One root is 3 and the other comes out to be $\frac{1}{3}$ using Vieta's Rule.

The sum is $3 + \frac{1}{3} = \frac{10}{3} \Rightarrow 13$

Thanks Nihar for such a beautiful generalization . I learnt something new.:-):-):-)

Put the equation as f(x)=0 and use a graphing calculator to find the zeros. After finding the real roots one can solve the remaining quadratic to get the complex roots. (This is not asked for.)
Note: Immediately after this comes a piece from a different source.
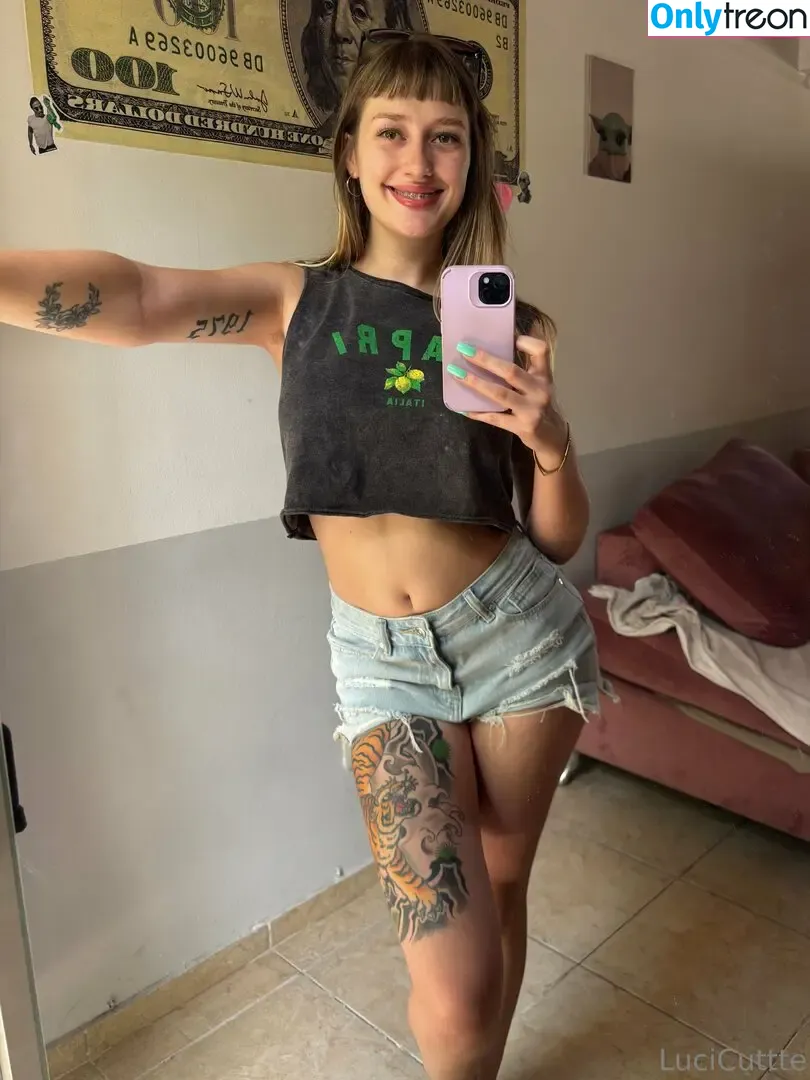 lucicuttte nude photo #0050 (lucy.cutter)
Graphical Analysis is a better approach for this problem. First, rearrange the given equation in the form f(x)=0 (Bring all terms involving x on one side). Then plot f(x) and see where the plot cuts x-axis. They give us information about roots of the equation. We just sum them (Here the roots are x=3 and x=1/3), and get the answer as 13.

P.S. This solution is for Beginners like me trying to solve Level 5 Problems !